§ Raw data
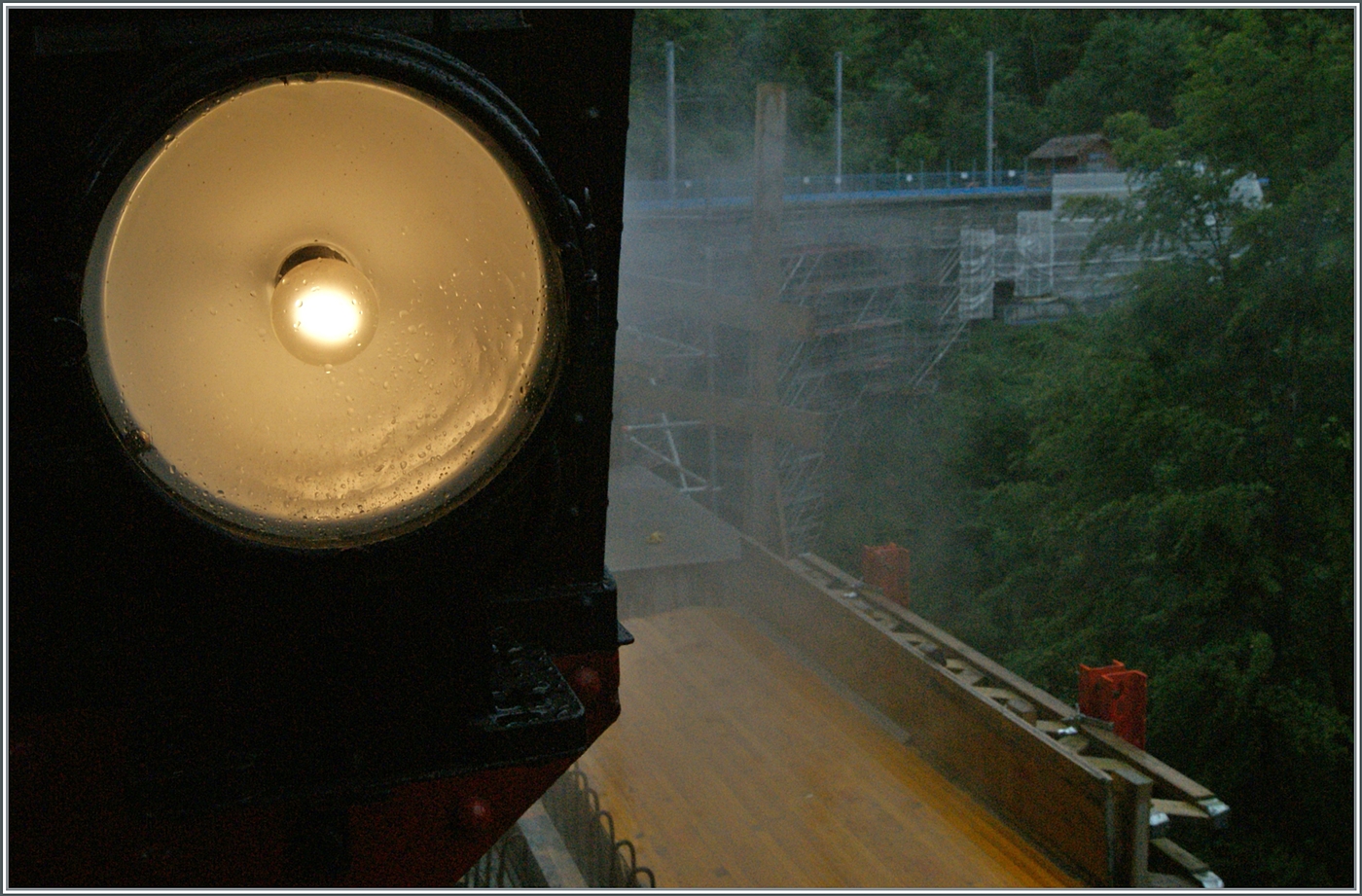 Für einmal der  Schweizer-Lichtwechsel  als Motiv, bzw. die Lampe der SEG G 2x 2/2 105 der Blonay Chamby Bahn während der Fahrt von Blonay nach Chamby mit einem durch Dampf und Wetter getrübten Blick auf den Baye de Clarens Viadukt.

9. Juni 2024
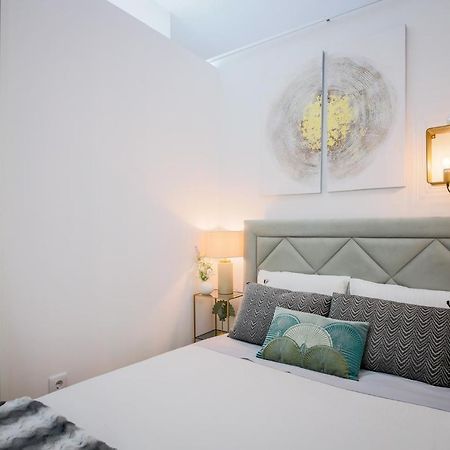 The Twin Apartments Porto Bagian luar foto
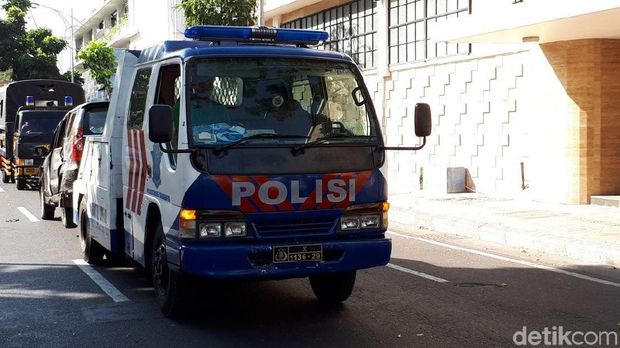 6 Ambulans Tinggalkan Polrestabes Surabaya, Diduga Bawa Jasad Pelaku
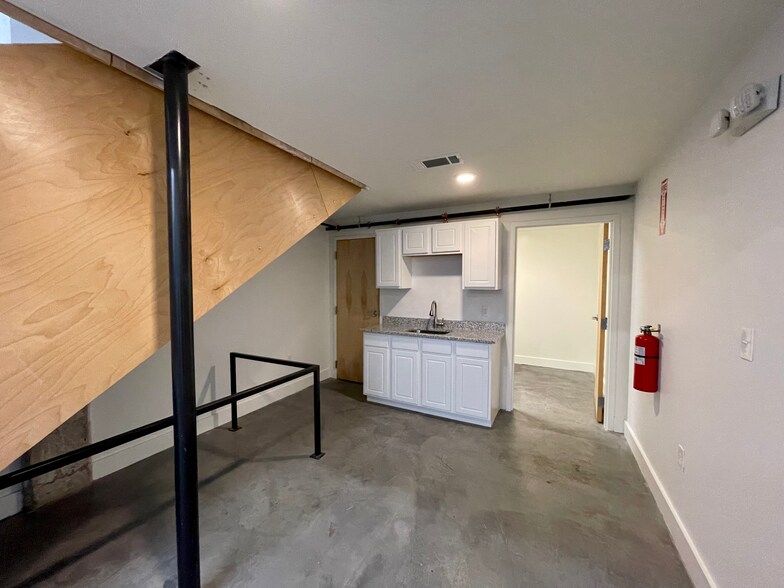 More Photos Of 239 Grant St SE, Atlanta Showroom For Lease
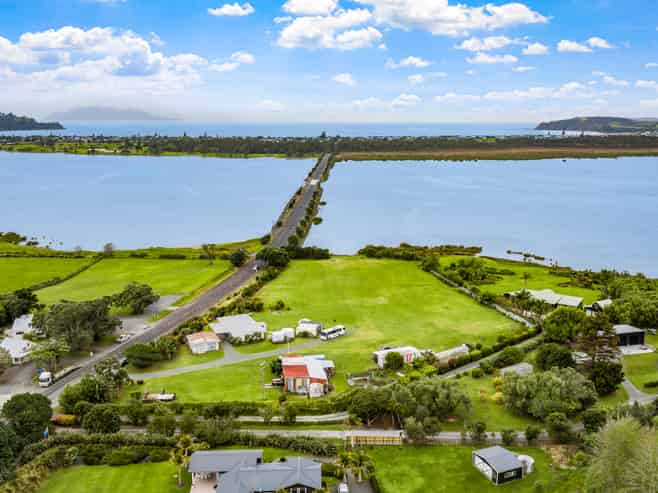 328 Omaha Flats Road, Omaha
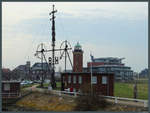 Der Windsemaphor von Cuxhaven wurde 1904 errichtet und zeigt mittels Signalflügeln die Windstärke (je Flüge 2 Stufen auf der Beaufort-Skala) und Windrichtung der Inseln Borkum (B, links) und Helgoland (H, rechts) an. Der Windsemaphor ist die letzte im Orginal erhaltene Anlage ihrer Art in Europa. Im Hintergrund der 1802 bis 1804 errichtete Leuchtturm. (12.04.2018)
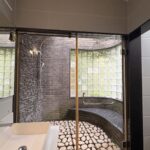 Suite open shower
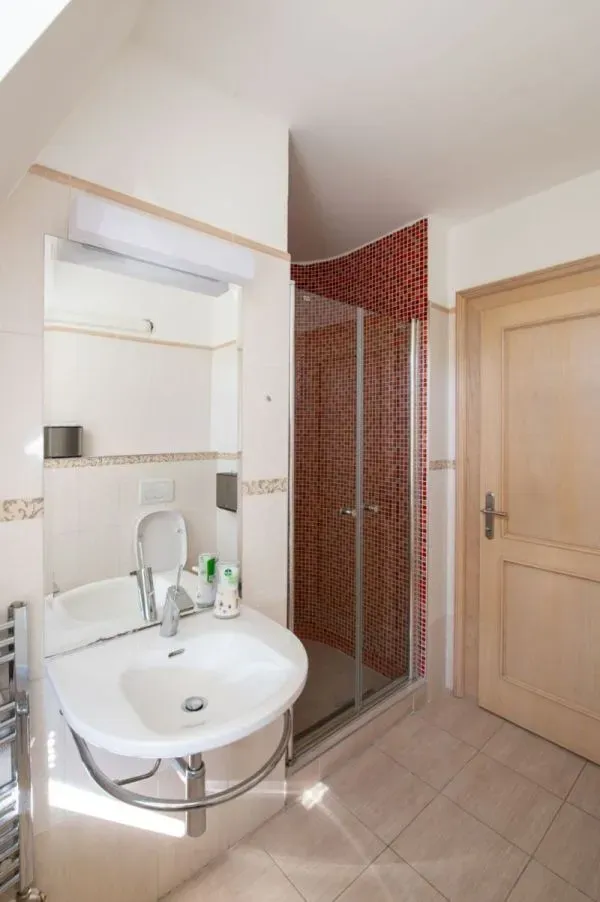 Bagni - Luxury Villa with Panoramic Views in Budapest II. District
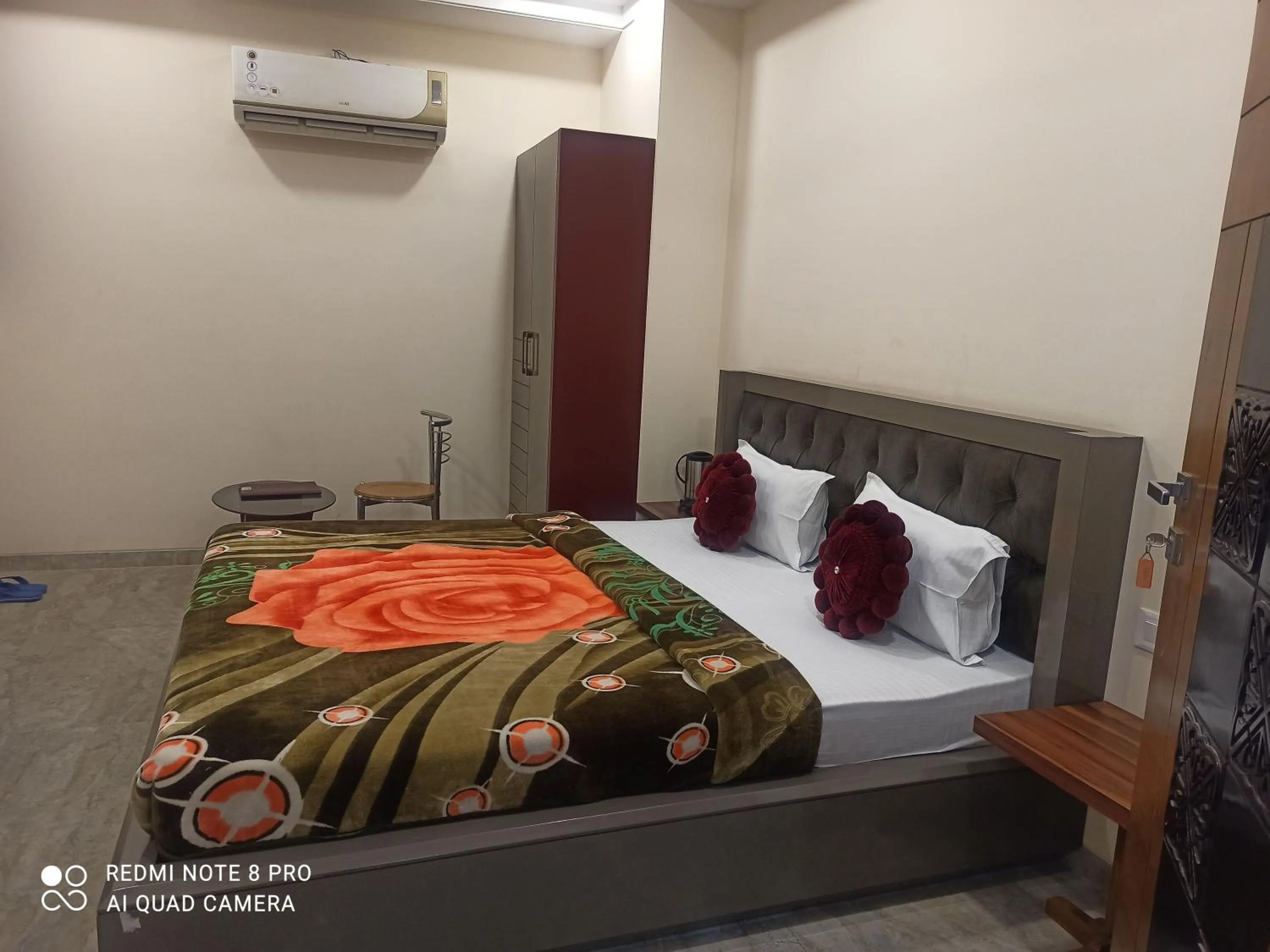 Bed in DUDI HOTEL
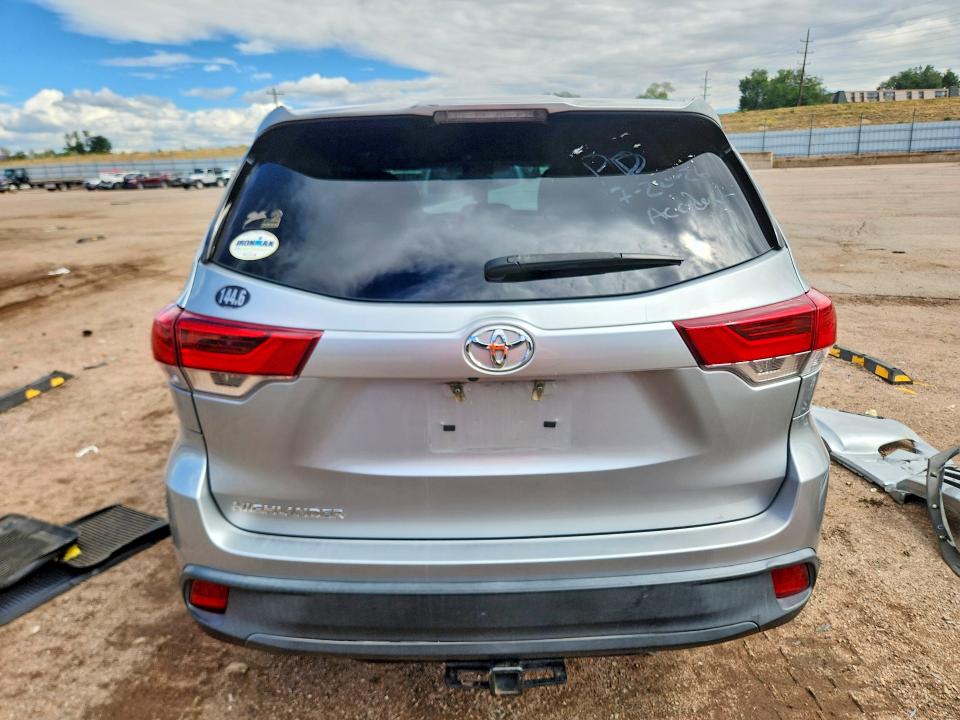 Продажа на аукционе авто 2019 Toyota Highlander, vin: 5TDZARFH5KS050625, номер лота: 62283726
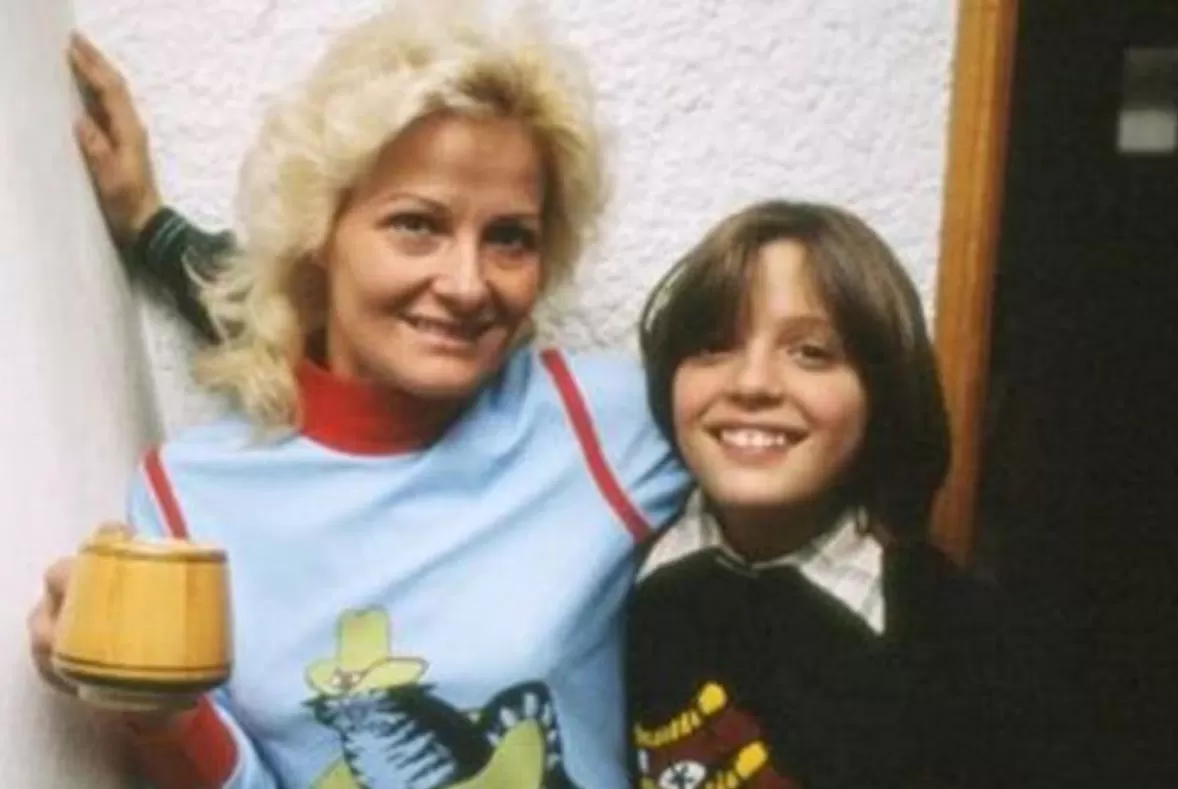 Luis Miguel junto a su mamá, quien desapareció en 1986
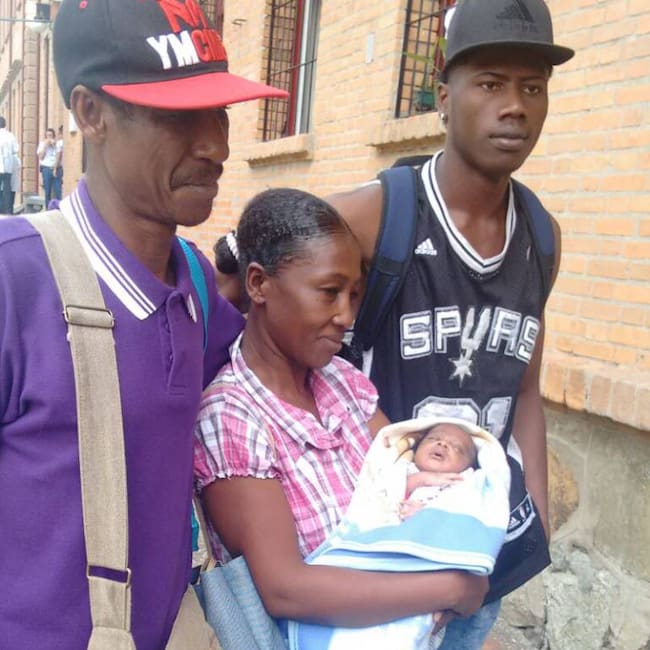 Dan de alta al segundo siamés que fue separado con éxito en Medellín.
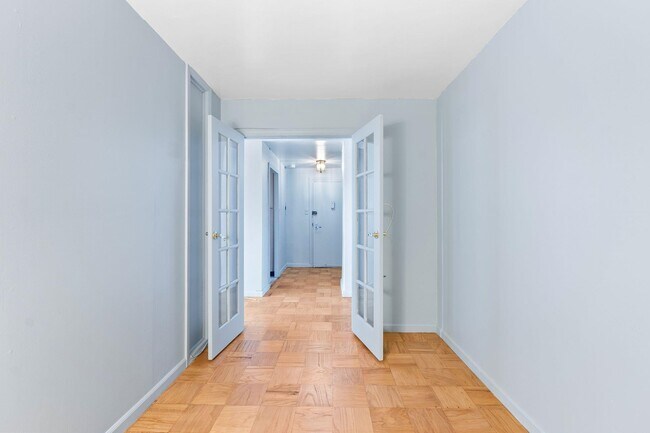 Building Photo - 6040 JFK Blvd E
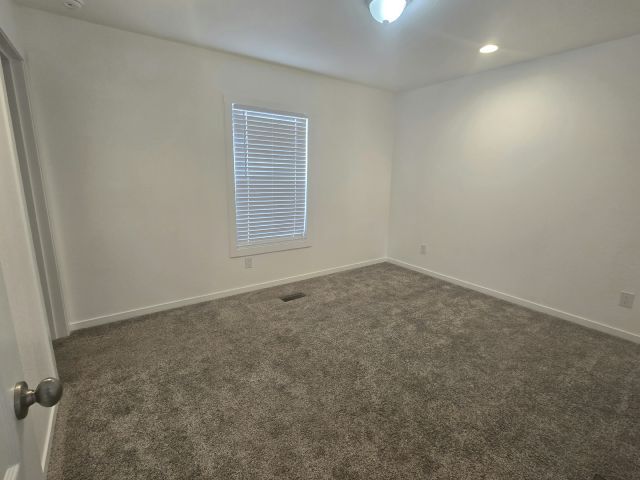 4650 E Carey Ave in Las Vegas, NV - Building Photo - Building Photo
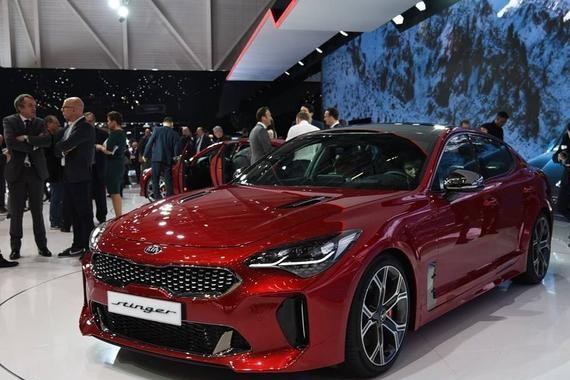 起亚史上最帅轿跑，370P马力碾压A7，价格仅为其一半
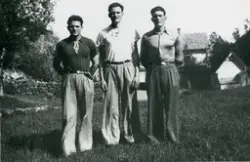 Tre brødre Hummelsund ved heimen i Vestrevågen.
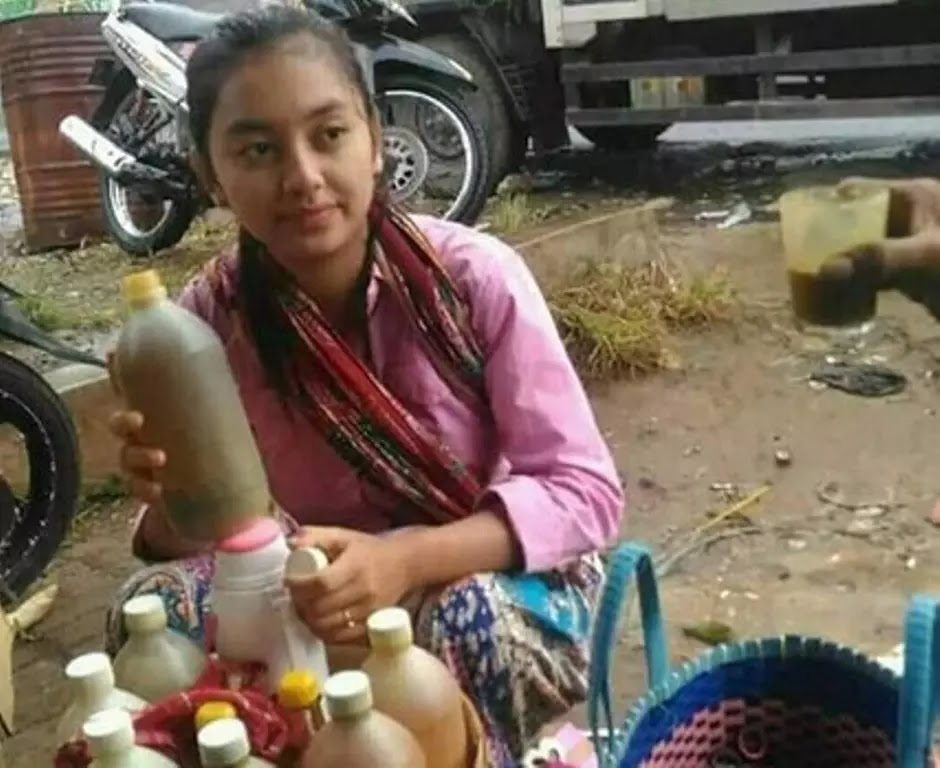 Nikmatnya gentot Tukang  Jamu  Langganan Ku CERITA SEKS 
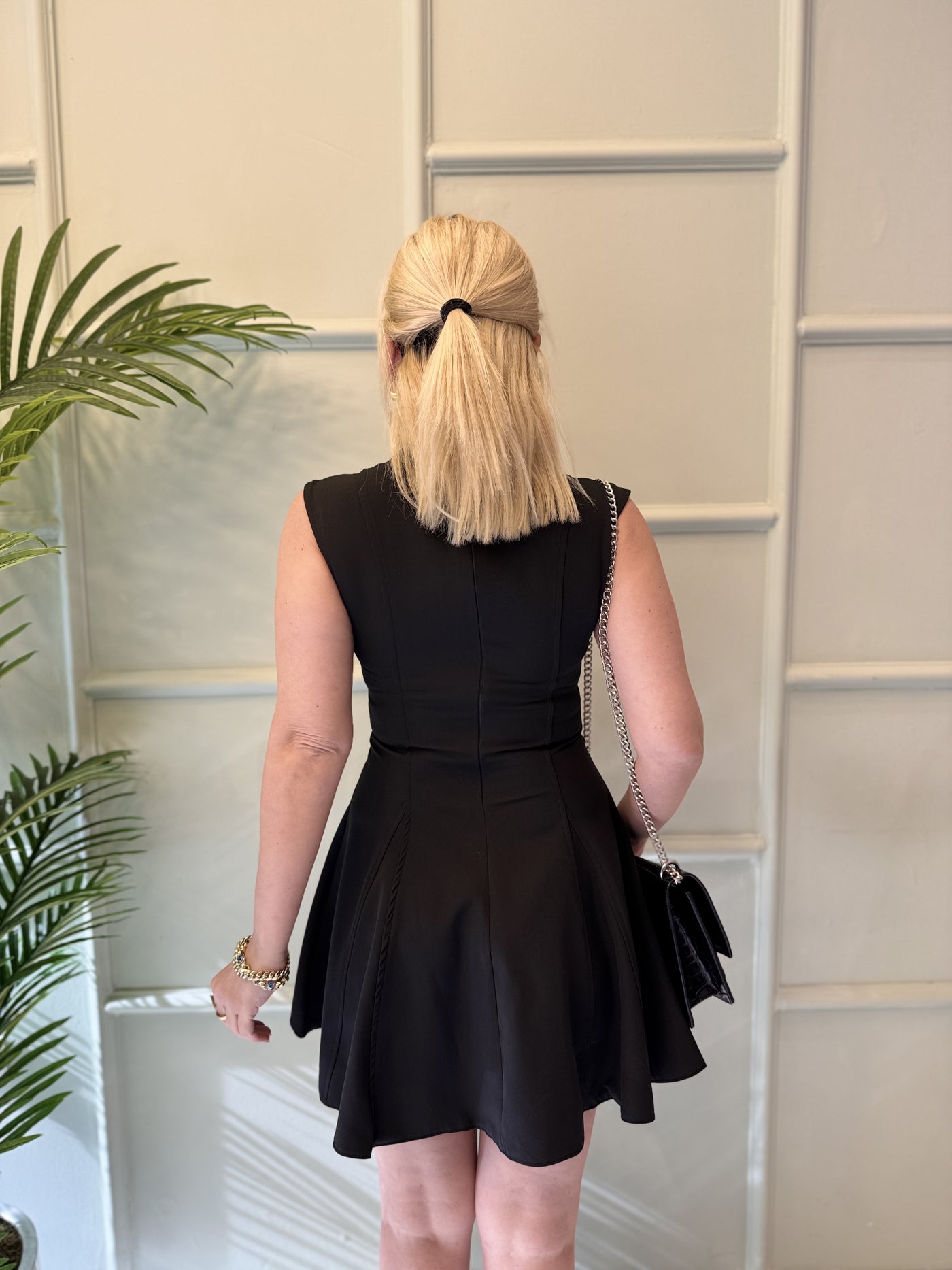 Siyah mini elbise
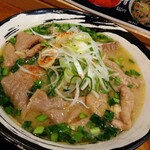 俺の中華たなか家 - 「味噌ホルモンらーめん」をアップでパチリ♯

§ Task to carry out
Leave the pictures out and print every record exactly.

§ Response to this task
 Für einmal der  Schweizer-Lichtwechsel  als Motiv, bzw. die Lampe der SEG G 2x 2/2 105 der Blonay Chamby Bahn während der Fahrt von Blonay nach Chamby mit einem durch Dampf und Wetter getrübten Blick auf den Baye de Clarens Viadukt.

9. Juni 2024
 The Twin Apartments Porto Bagian luar foto
 6 Ambulans Tinggalkan Polrestabes Surabaya, Diduga Bawa Jasad Pelaku
 More Photos Of 239 Grant St SE, Atlanta Showroom For Lease
 328 Omaha Flats Road, Omaha
 Der Windsemaphor von Cuxhaven wurde 1904 errichtet und zeigt mittels Signalflügeln die Windstärke (je Flüge 2 Stufen auf der Beaufort-Skala) und Windrichtung der Inseln Borkum (B, links) und Helgoland (H, rechts) an. Der Windsemaphor ist die letzte im Orginal erhaltene Anlage ihrer Art in Europa. Im Hintergrund der 1802 bis 1804 errichtete Leuchtturm. (12.04.2018)
 Suite open shower
 Bagni - Luxury Villa with Panoramic Views in Budapest II. District
 Bed in DUDI HOTEL
 Продажа на аукционе авто 2019 Toyota Highlander, vin: 5TDZARFH5KS050625, номер лота: 62283726
 Luis Miguel junto a su mamá, quien desapareció en 1986
 Dan de alta al segundo siamés que fue separado con éxito en Medellín.
 Building Photo - 6040 JFK Blvd E
 4650 E Carey Ave in Las Vegas, NV - Building Photo - Building Photo
 起亚史上最帅轿跑，370P马力碾压A7，价格仅为其一半
 Tre brødre Hummelsund ved heimen i Vestrevågen.
 Nikmatnya gentot Tukang  Jamu  Langganan Ku CERITA SEKS 
 Siyah mini elbise
 俺の中華たなか家 - 「味噌ホルモンらーめん」をアップでパチリ♯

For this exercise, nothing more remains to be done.